Only the stretch below from the line holding "To allow the" through the line holding "Okay, we're going" should be restated, word for word and with both ends included; pictures stay out.

> [Collected material]
Start of Block

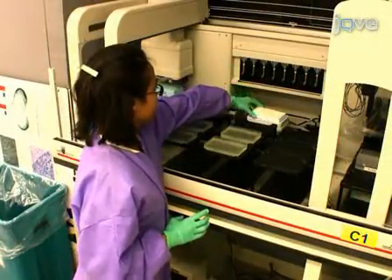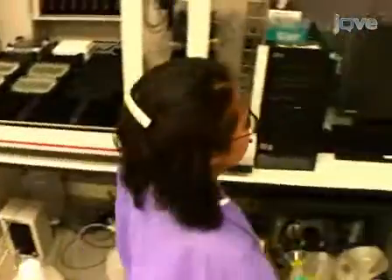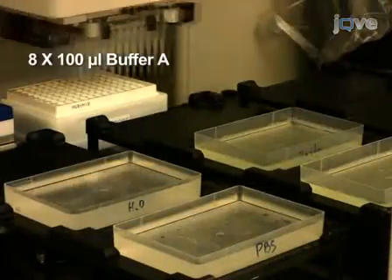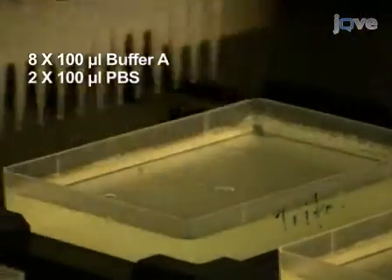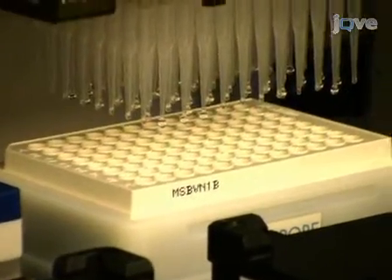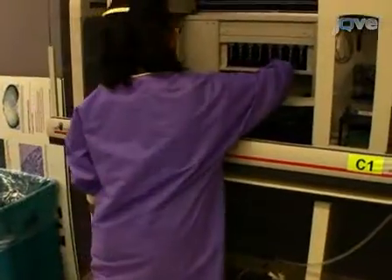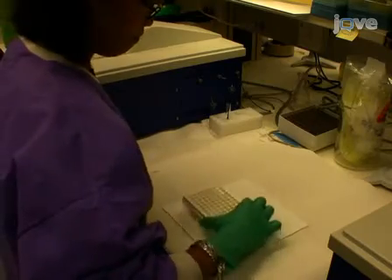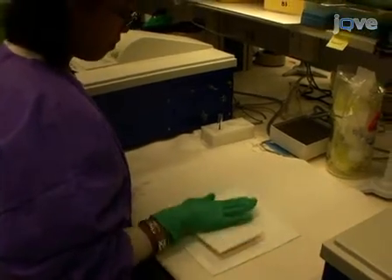Next, wash the filter plate using a Biomek FX automation workstation with a vacuum manifold. Each well is washed 8 times with 100 µL of buffer A, followed by 2 times with 100 µL of PBS. Following the last wash, the vacuum is turned off. Remove the filter plate and blot it dry using a stack of paper towels or filter paper, making sure to remove moisture on the top and bottom of the plate.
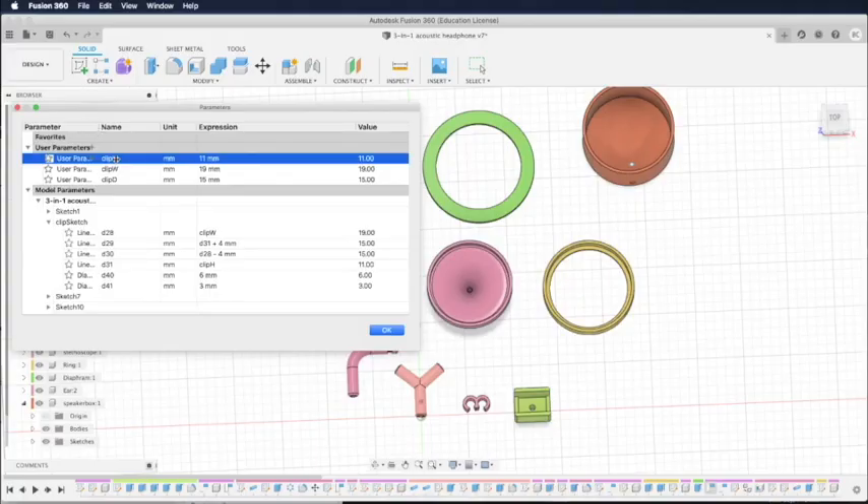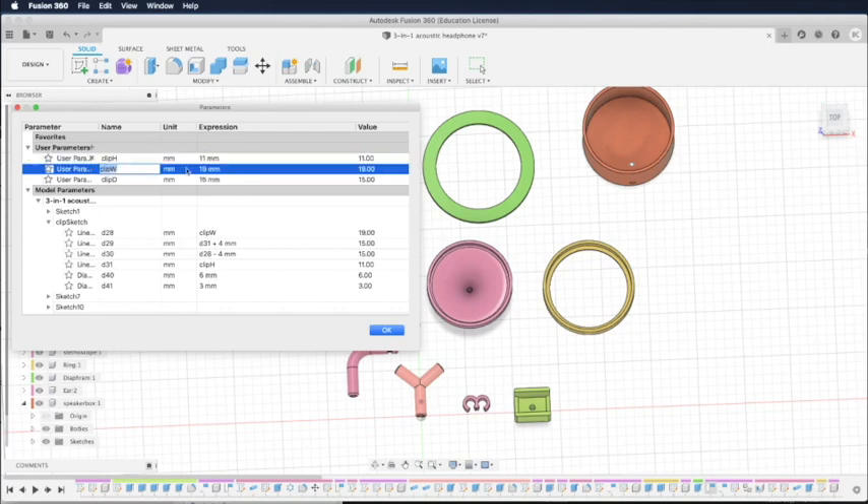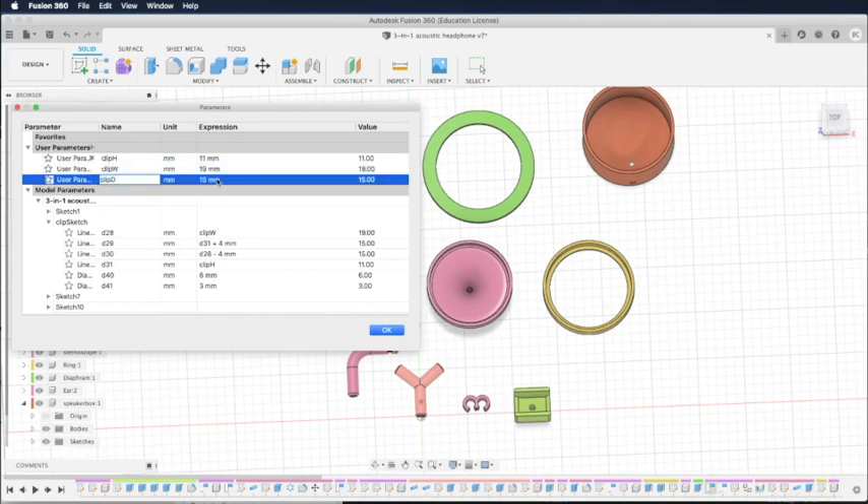To allow the clip to fit different sizes of smartphones, I've created user-defined parameters in Fusion 360. So you can just put in the thickness of your phone: 11 millimeters for the iPhone 11 with a case, 9 millimeters for the iPhone 11 without the case, and 7 millimeters for older phones like the iPhone 6 without the case.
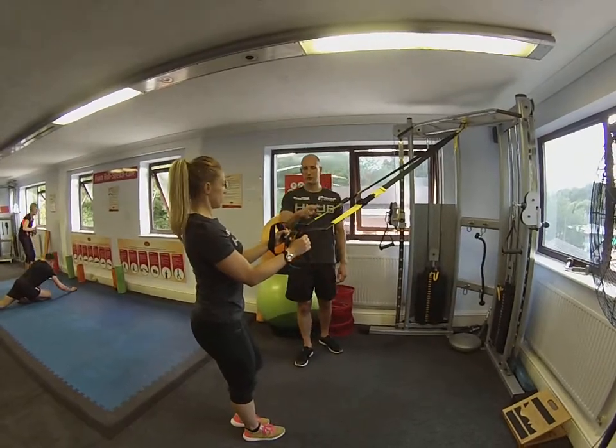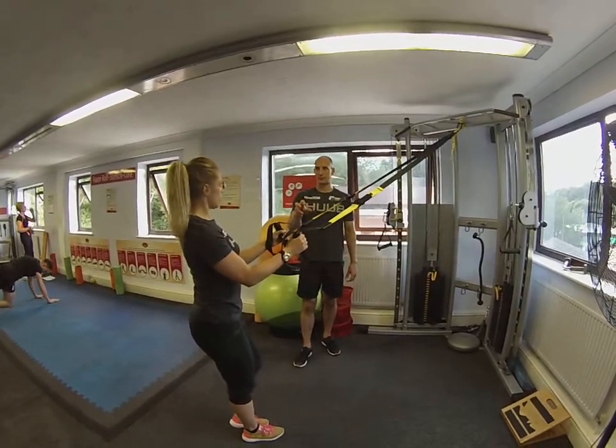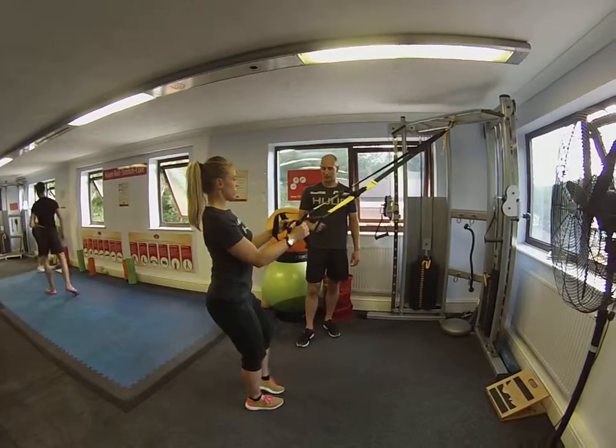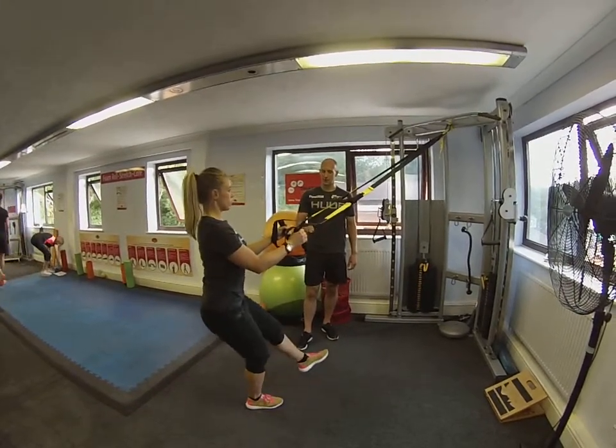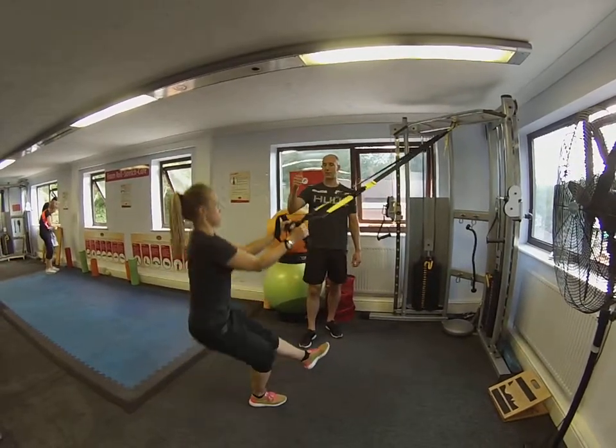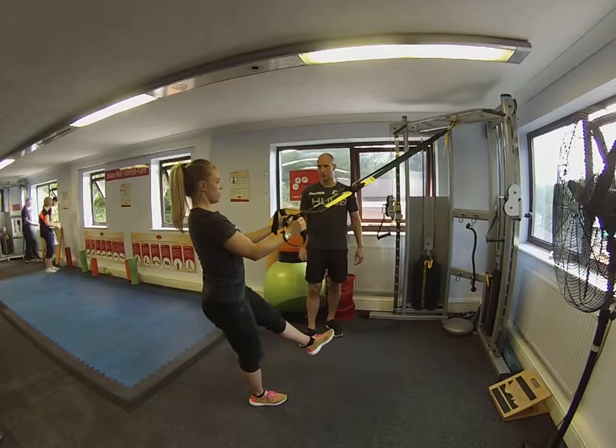Okay, we're going into single leg squats, using the suspension trainer just to give you a bit of stability. Keep your chest up and open, shoulders back and down. Take it onto one leg and then very slowly controlling down, keeping your knee tracking over the line of mid foot. Fantastic. Then drive your hips back up, extend the hip fully, and then control back down again.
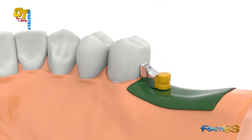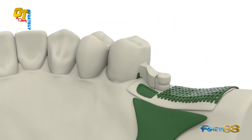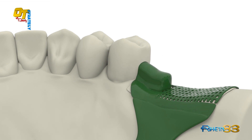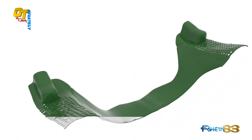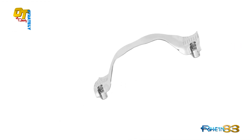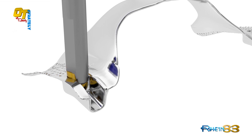Insert the yellow retentive OT strategy cap over the cast sphere and prepare the model for duplication. Pay close attention to duplicate carefully the steady so as to give the maximum precision and stability to the removable framework wax-up. Insert the retentive OT strategy cap into the frame housing and finish the removable framework.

End of Block

> [Your response]
To allow the clip to fit different sizes of smartphones, I've created user-defined parameters in Fusion 360. So you can just put in the thickness of your phone: 11 millimeters for the iPhone 11 with a case, 9 millimeters for the iPhone 11 without the case, and 7 millimeters for older phones like the iPhone 6 without the case.
Okay, we're going into single leg squats, using the suspension trainer just to give you a bit of stability. Keep your chest up and open, shoulders back and down. Take it onto one leg and then very slowly controlling down, keeping your knee tracking over the line of mid foot. Fantastic. Then drive your hips back up, extend the hip fully, and then control back down again.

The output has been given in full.